The lawsuit against the Utah Legislature followed swiftly, filed in March of 2022, bringing the argument to the state’s highest court. In the courtroom, both the plaintiffs and defendants used the Utah Constitution as the lifeline for their arguments. The first of two points that pervaded the hearing focused on the repeal of Proposition 4, an unconstitutional breach of legislative power.
From my perspective sitting on a courtroom bench, the defendants’ arguments appeared very circular and circumspect. When the attorney representing the defendants argued that citizens looking to reform government must do so through the amendment process as opposed to through initiatives, Justices countered with a reminder that the process of proposing an amendment is guarded by the Legislature and restricted to the people.
The Legislature urges people to organize initiative power in the way our forefathers sought, but not before asking them to be so kind as to swallow back their proposals and direct their complaints towards the proper channels. Advocate for an amendment that won’t be touched, talk into the already blocked ear of a legislature whose seat is saved and kept warm by the very redistricting plans the voters aim to strike down, maybe make a poster or two. It’s a cycle the Justices themselves prodded at, pointing out that the Utah Constitution provides no limitations to the legislature’s power to repeal, making it virtually impossible for reform they disagree with to ever take shape.
This conjures the heart of the case: whose jurisdiction is it anyways? Defendants tried to argue that upholding an independent redistricting commission of non-legislators is anti-democratic, but what’s so democratic about having legislators draw the boundaries that will secure an election in their favor? Political motive cannot be extricated from drawing political lines, no matter who draws them, but a minority, largely made up of civilians, advocating for its demographic pales in comparison to a reigning majority eliminating any semblance of competition.
It’s important to remember the UIRC is not exempt from legislative review, as each commissioner has to be appointed by officers such as the governor, the speaker of the house of representatives or the president of the Senate. In order to be eligible, commissioners must also either be employed by the legislature or hold an elective office.
What surprised me was that the legislative defendants did not separate themselves from a narrative of gerrymandering or denounce the allegations presented. Instead legislators scraped together excerpts and antiquated anecdotes of 19th century government to argue they were well within their constitutional rights to manipulate lines. This approach only extends the validity of the plaintiffs’ argument that redistricting efforts is a blatant violation of the Utah constitution’s Free Elections Clause, the state’s basis for a functioning democracy.
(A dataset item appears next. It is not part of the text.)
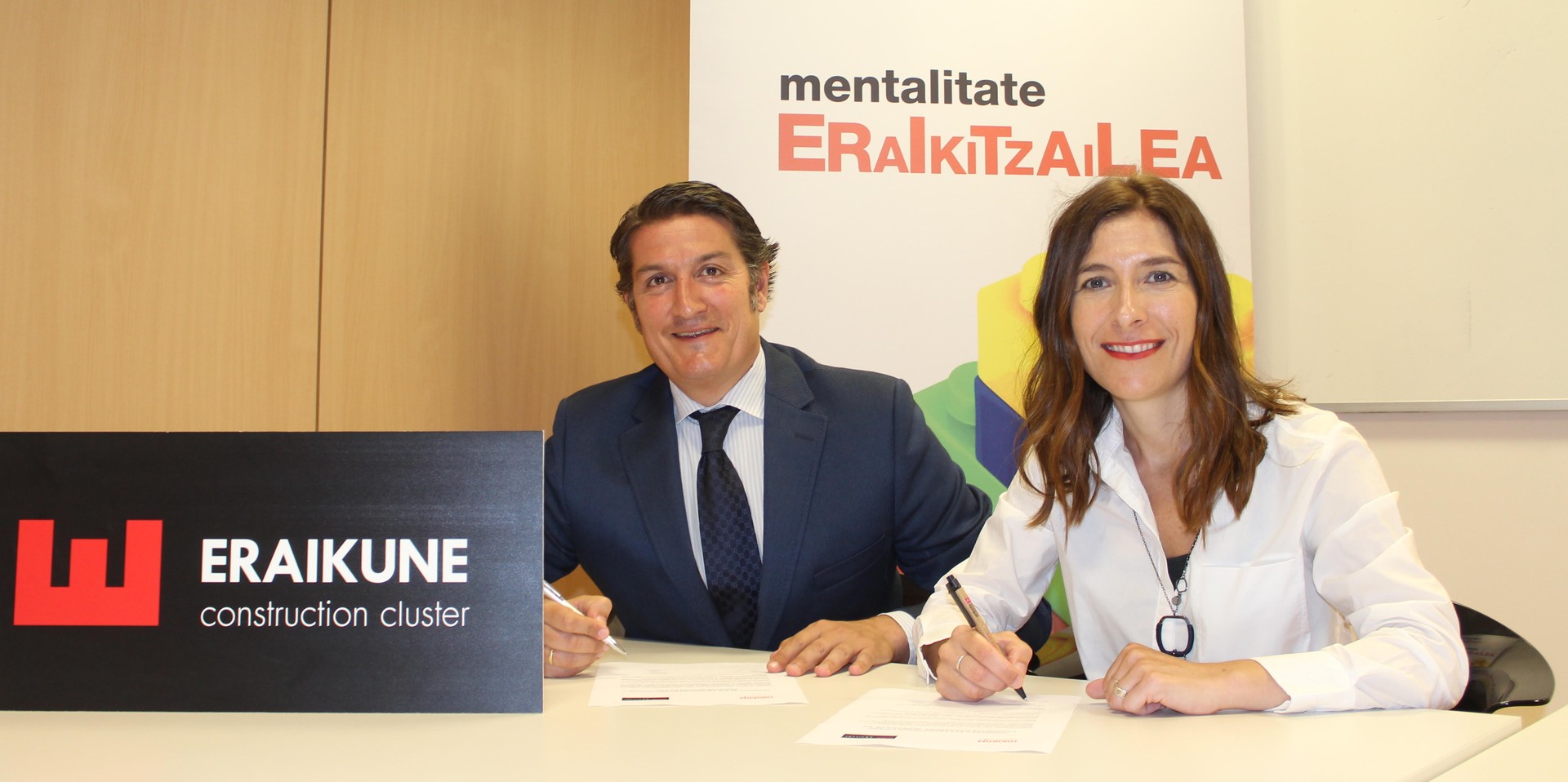 Tokikomek eta Eraikunek hitzarmena sinatu dute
Though defendants asserted redistricting cannot be seen as a violation because it doesn’t prevent people from accessing a ballot, what’s incentivizing a member of the minority party to vote knowing their ballot is ultimately inconsequential amid a cracked county?
Hope still remains, as the Legislature’s clinging to the 2019 Supreme Court ruling that state maps aren’t within federal purview may have undermined the argument of state jurisdiction, or lack thereof. Because federal courts are now barred from intervening in cases of state gerrymandering, state courts are now the stage for challenging redistricting, with many states bringing similar cases of gerrymandering to their supreme courts over the past few months.
Though the Utah Supreme Court has given no indication of any future ruling to come on this case, keep in mind that maintaining a democracy is a priority met with more and more scrutiny and attention every day, and that power for governmental reform remains an inherent right that will endure. Elections, like everything else, require boundaries, but you deserve to have a say in yours.